Graduating from the old school
My flying hiatus began in May 2007. A major aviation revolution took place just one month later: Apple’s first iPhone was released. A waterfall of increasingly advanced aviation applications followed.
My flight school had focused on doing everything manually. Hand-drawn routes and flight logs. Hand-written weight and balance. Even if a plane had a panel GPS, I was taught to rely mostly on the world outside and the chart on my knee. My instructor wanted to ensure I understood the concepts. Technology was only a compliment, not a crutch.
Now, between the Apple store and Android markets, tablet and smartphone aviation apps are plentiful, feature-rich, and largely inexpensive.
When I was looking to get back into the air, I tried several apps. Most worked as advertised and made short work out of my flight planning. Those were temptingly easy and convenient. Others were less than intuitive. In the end, I stuck with what I knew best for my return to flight: pencil, paper, and calculator.
Why? First, I work in a technical field. I’m well aware of how easily tech can fail. Batteries die. Airplane power adapters break. Wayward coffee spills and iPads have unscheduled meetings. Second, doing my number-crunching and plotting by hand really boosted my confidence in my abilities and my knowledge. I figured it would also show the instructor that I meant business.

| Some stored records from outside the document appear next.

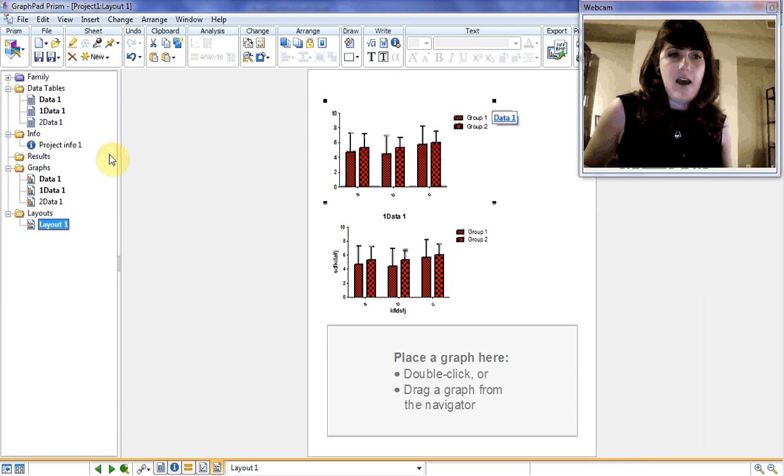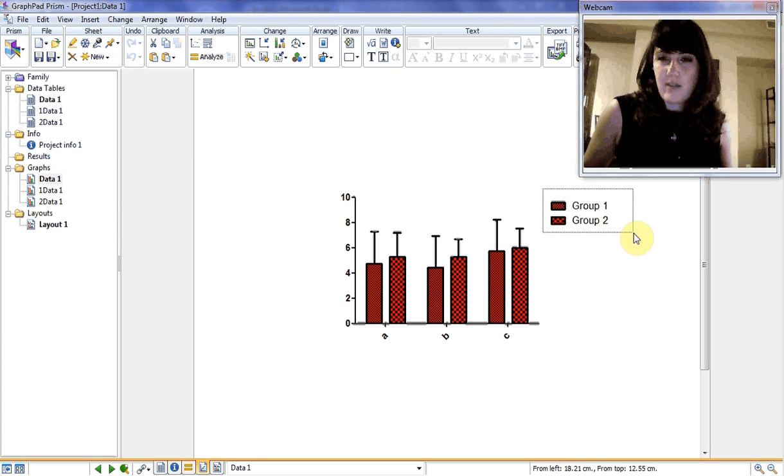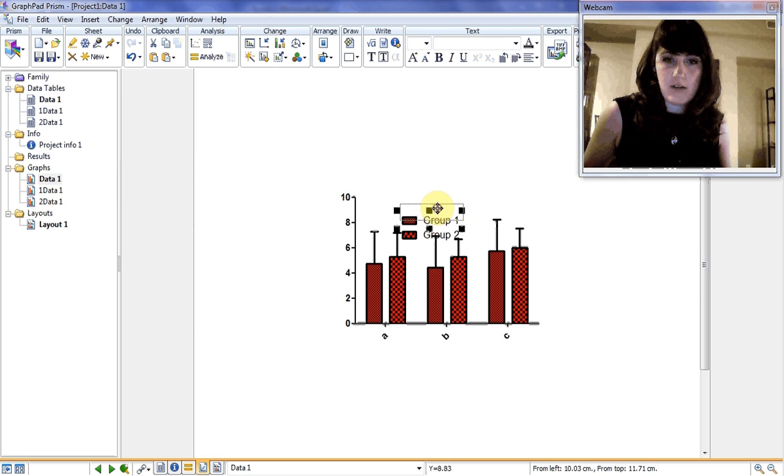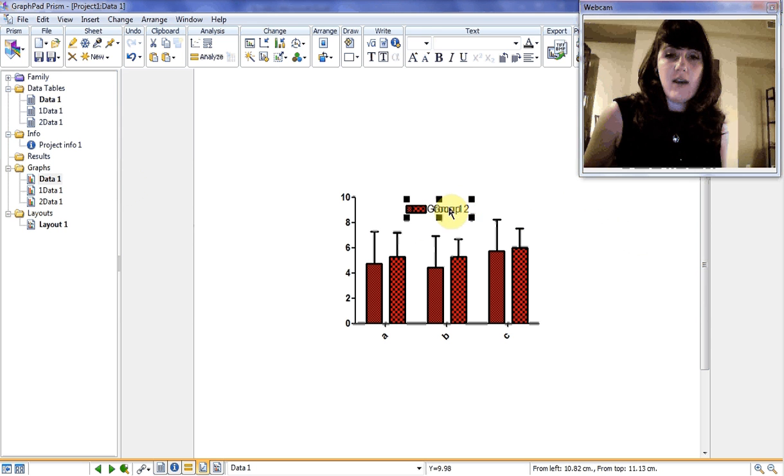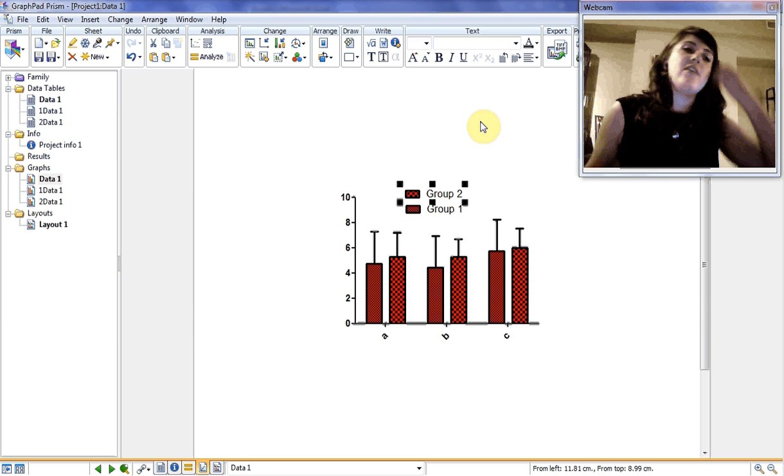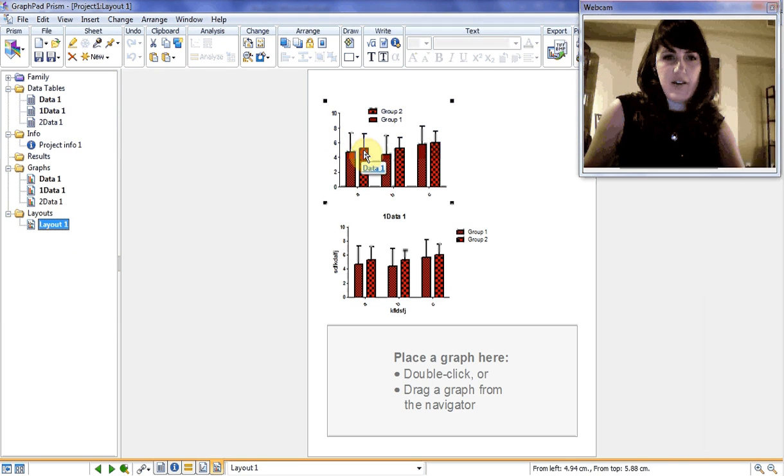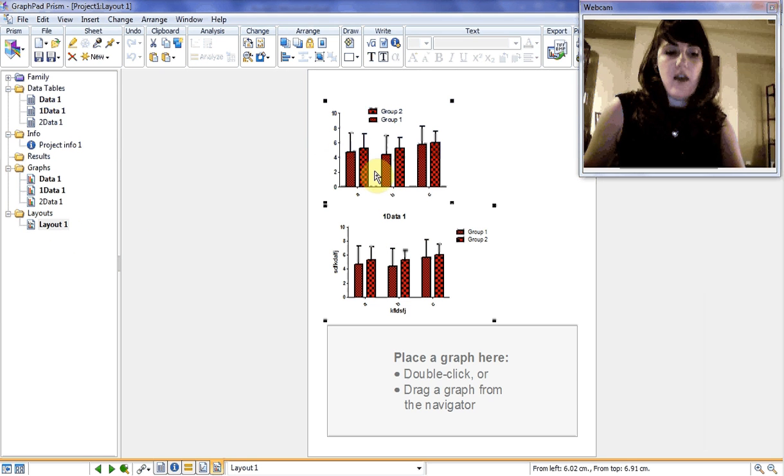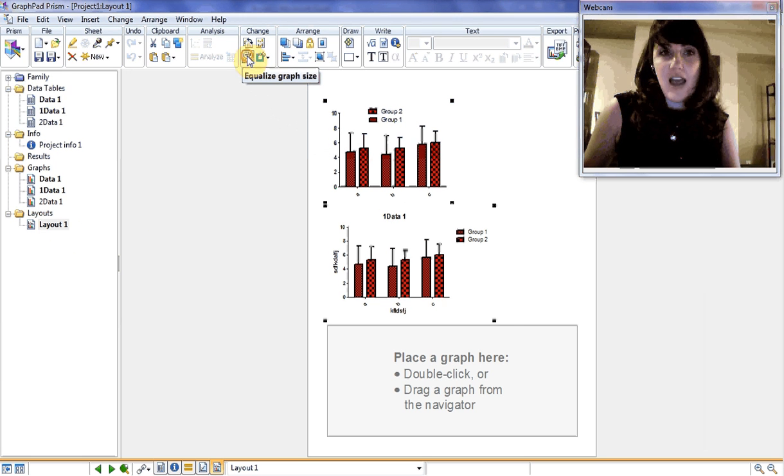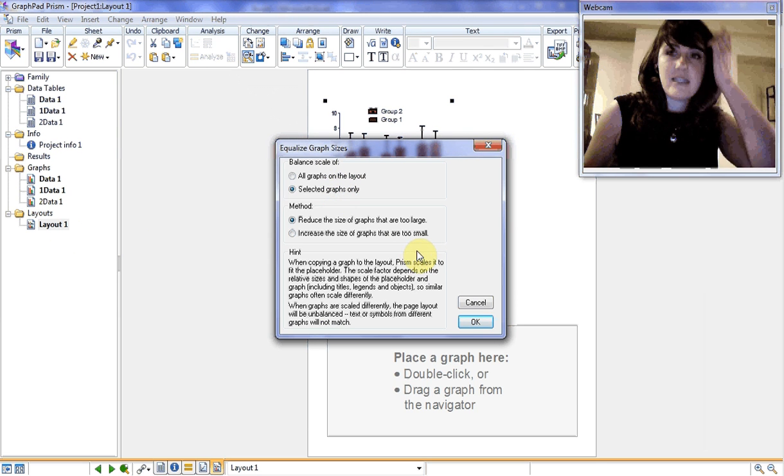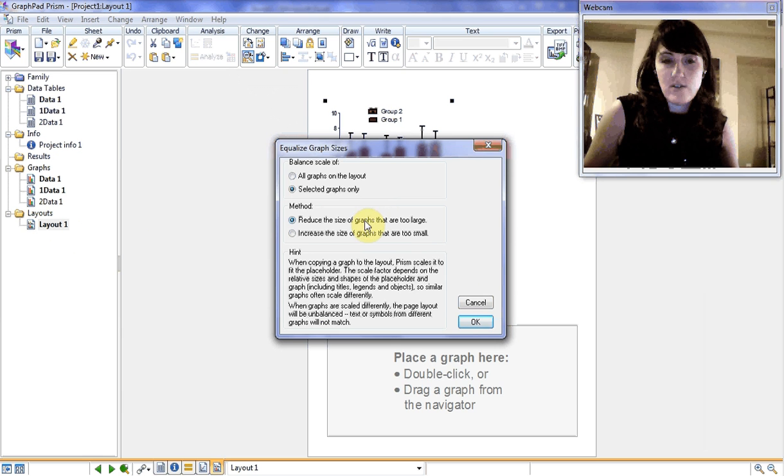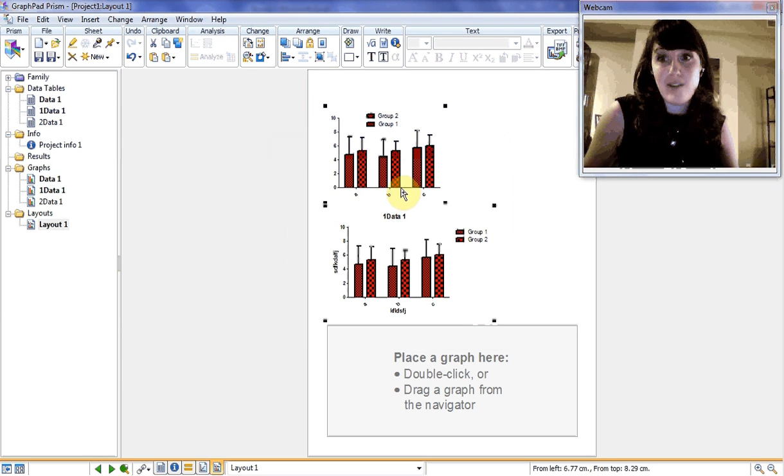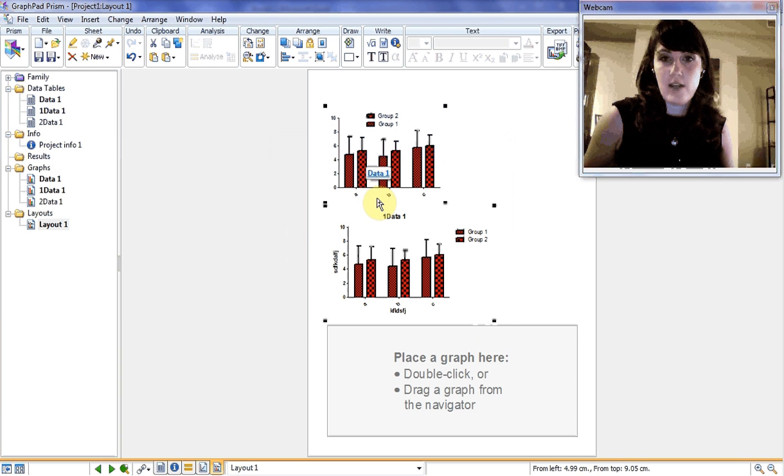Say I don't like them where they are. I'm going to highlight them and I can move them into the actual graph space. I can move them around. If I want group two first, they can go there. A really nifty thing that GraphPad will do: if you go back to your layout, if I Control and click on each of them, and I go to change, equalize graph size, it will automatically scale your graphs to the same size. You can choose to reduce the size of large graphs or increase the size of small graphs. That's very good if something's happened and you need to do that.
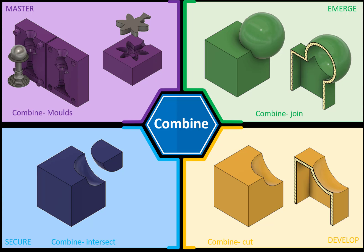Hi and welcome to this Fusion 360 tutorial. Today we're going to look at the Combine feature and how to use that to create a double-sided mold, as you can see in the top left hand corner. If you want to acquire the completed files, please check the link in the description below and we'll jump straight into Fusion.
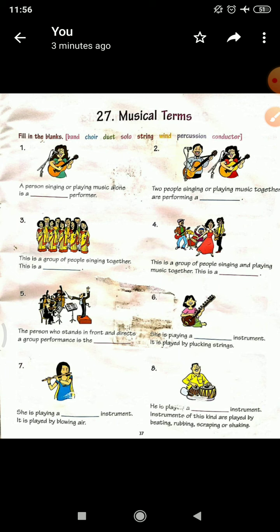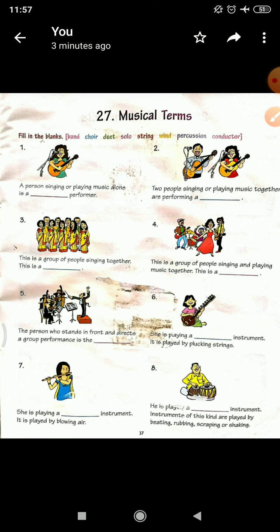Playing a dash instrument. It is played by plucking strings. This is a String instrument.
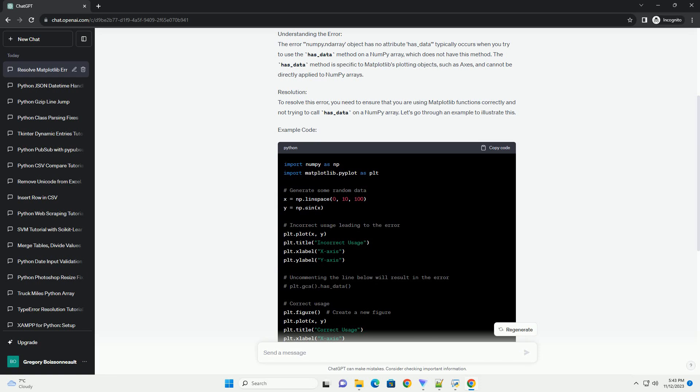However, you may encounter an error like numpy.ndarray object has no attribute has_data when working with matplotlib. This tutorial will explain the cause of this error and provide a step-by-step guide on how to resolve it.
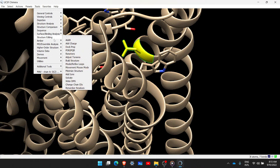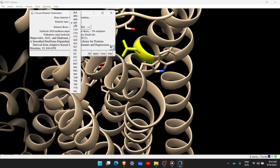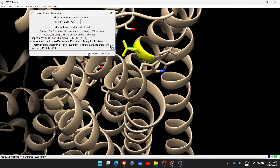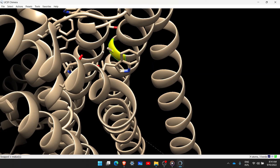Now we want to replace this amino acid. Go to Tools > Structure Editing, and select the Rotamers option. It confirms that we have selected aspartate and asks which amino acid we want to change it to. We select alanine — a neutral amino acid — and press OK. It has simply replaced the amino acid. This is one straightforward way you can perform the substitution.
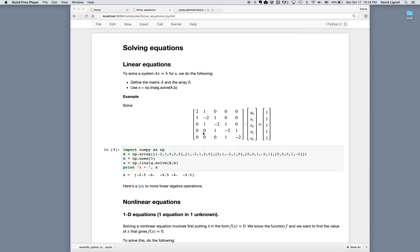So here we're giving a quick introduction to solving equations using Python. We'll look at solving linear equations, and then a single nonlinear equation in a single unknown, and then several nonlinear equations and several unknowns.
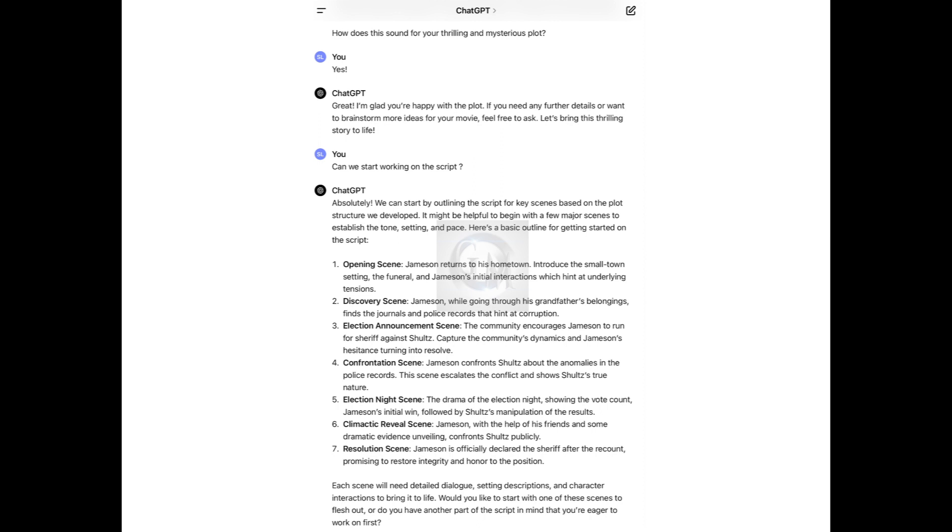ChatGPT responds, Great. I'm glad you're happy with the plot. Let's bring this thrilling story to life. So I respond, Can we start working on the script? ChatGPT says, Absolutely. We can start by outlining the script with an opening scene, discovery scene, election announcement scene, confrontation scene, election night scene, the climactic reveal scene, the resolution scene. Each scene will need detailed dialogue, setting descriptions, and character interactions to bring it to life.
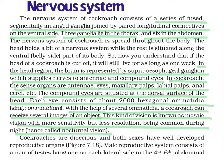The compound eyes are situated at the dorsal surface of the head. Each eye consists of about 2000 ommatidia. Ommatidia are very small hexagonal units — the singular form is ommatidium. With the help of many ommatidia, a cockroach can receive several images of an object, which is why it has a mosaic type of vision — not clear, but a mosaic vision with more sensitivity but less resolution. Being active during night, it has a nocturnal vision.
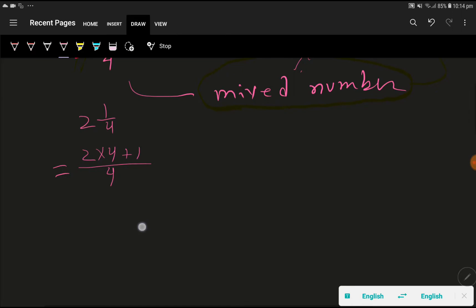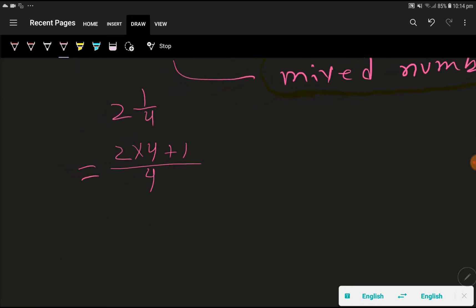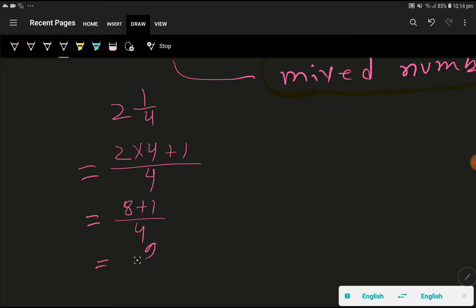Now you just need to calculate. So 2 times 4 gives you 8, plus 1 here, then we have 4. So 9 over 4 — here is the answer.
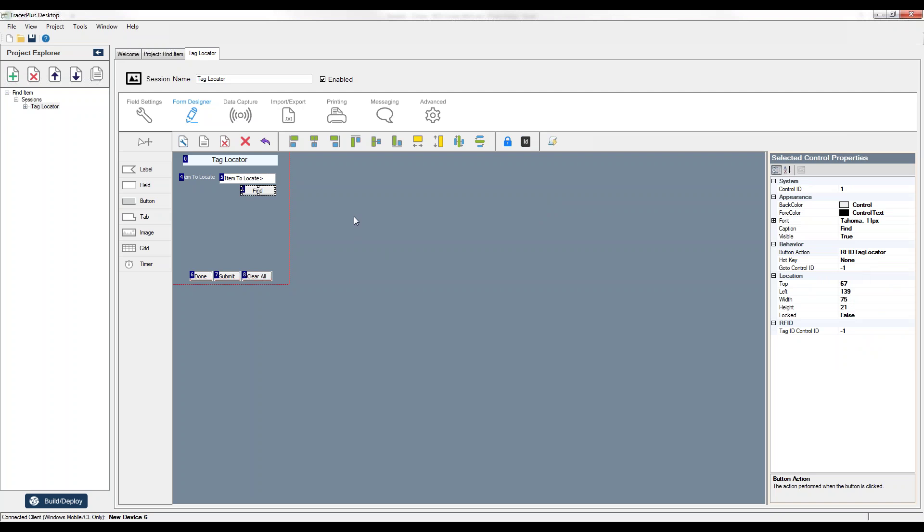Now we need to configure just one thing about this button, and it's really telling the button when I click it, what tag am I looking for? Well, the item to locate field is number five here. You can see this is where the user is going to be keying that value in. So what I need to do is for my button in the Tag ID Control ID fields here, I just want to put that value of five.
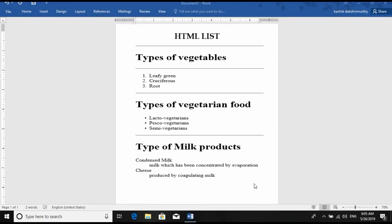So here the output is there. For this output, we are going to write the HTML code. Here you can see a horizontal line — it is called as horizontal ruler, HR. If you have bullets, then it is an unordered list. If you have numbers or letters or Roman numerals, if the list is sorted out, it is called an ordered list.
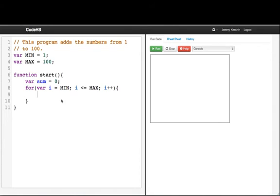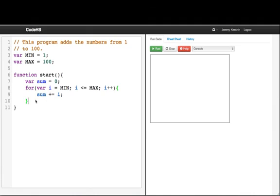And so what we'll do here is we'll say sum += i. And remember, += says that sum takes what it was previously and adds i.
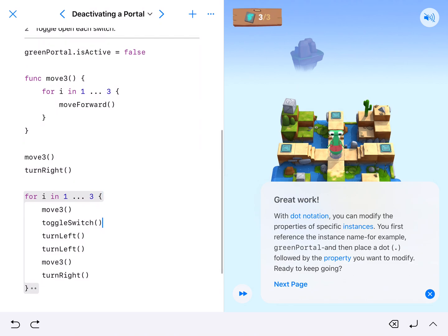So a lot of good code here going on — many different ways to do this correctly. You could have used a while loop, you could have set a switch counter — all sorts of ways to get this one done.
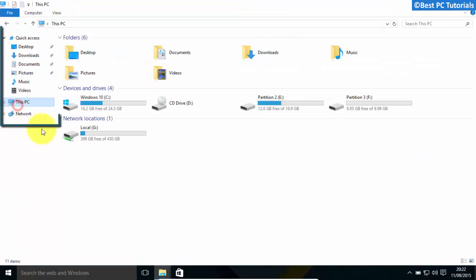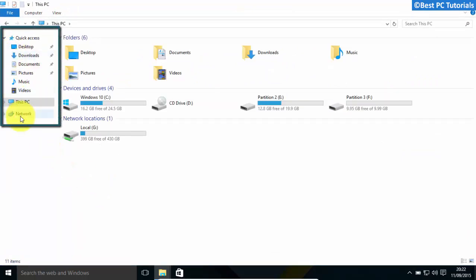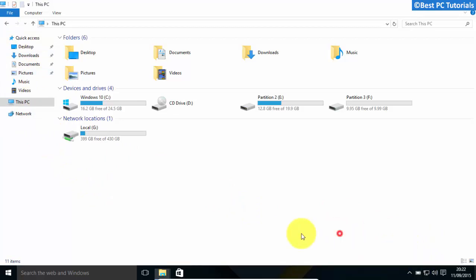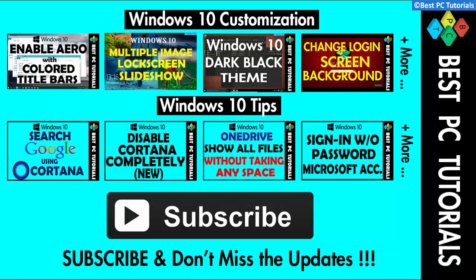OneDrive is now removed from Explorer's left side panel. It is also removed from the Trader icons. Thanks for watching this video and subscribe for more updates on Windows 10.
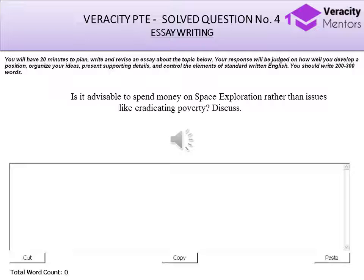Your response will be judged on how well you develop a position. Remember that when the question says 'discuss,' it still means that you have to develop a position. It still is going to look for a written discourse.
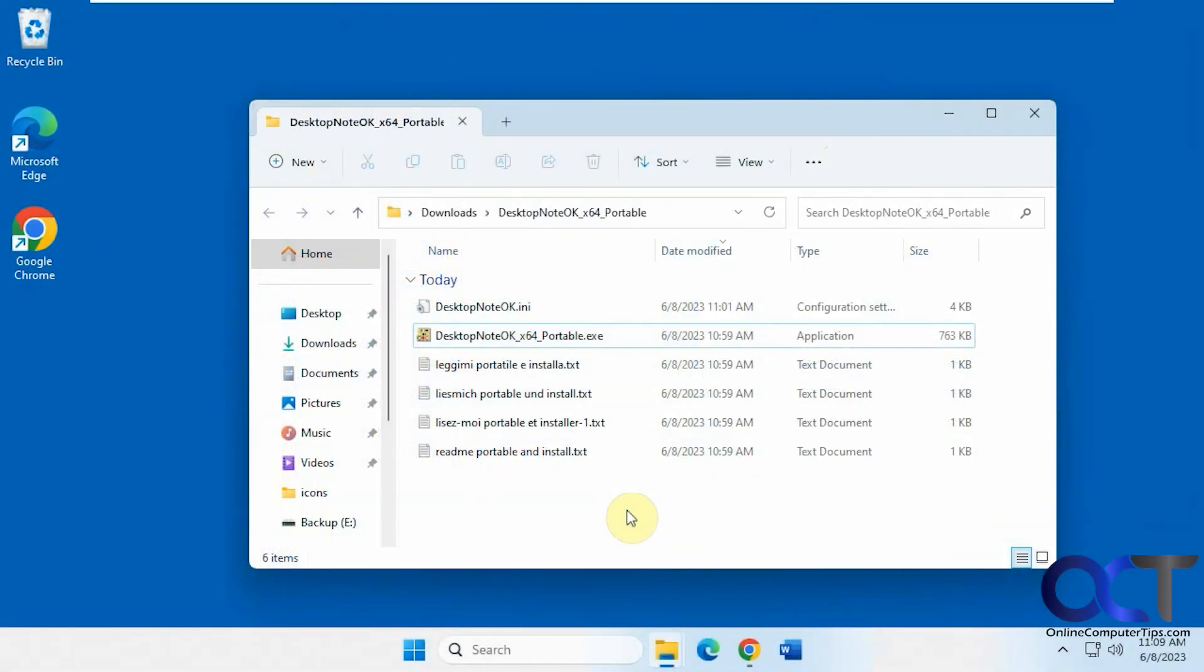Hi, in this video I'm going to show you an alternative to the Windows Sticky Notes if you want to try something different.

That’s not to say I haven’t embraced aviation advances since I got back in the air. My father is an active pilot in South Florida. On our most recent flight together in late 2012 we had no less than four screens going at once. My Android Galaxy S3 running Naviator was mounted on my left-side window. His iPhone was mounted to his right. On his knee, he had an iPad running Foreflight and being fed ADS-B traffic data from a Stratus receiver on the dashboard. In the panel, we had a Garmin GPS. We’d done our W&B, plotted our flight, and gotten our briefings entirely via apps.
Increased situational awareness and convenience are good things. However, without any of those devices, I’m fully confident the flight would have been just as successful. We both learned to walk before we could run and knew the concepts that ran underneath the hood.
For those seeking a return to flight, go with what you know and add on to that knowledge gradually. You don’t want to get caught in a bad situation because you depended too much on unfamiliar tech and forgot the basics. —RL
Rowe Larson grew up in an airline family. After spending an unnatural amount of his childhood riding around in the back of airplanes, he now enjoys Florida’s great flying weather from the front of one.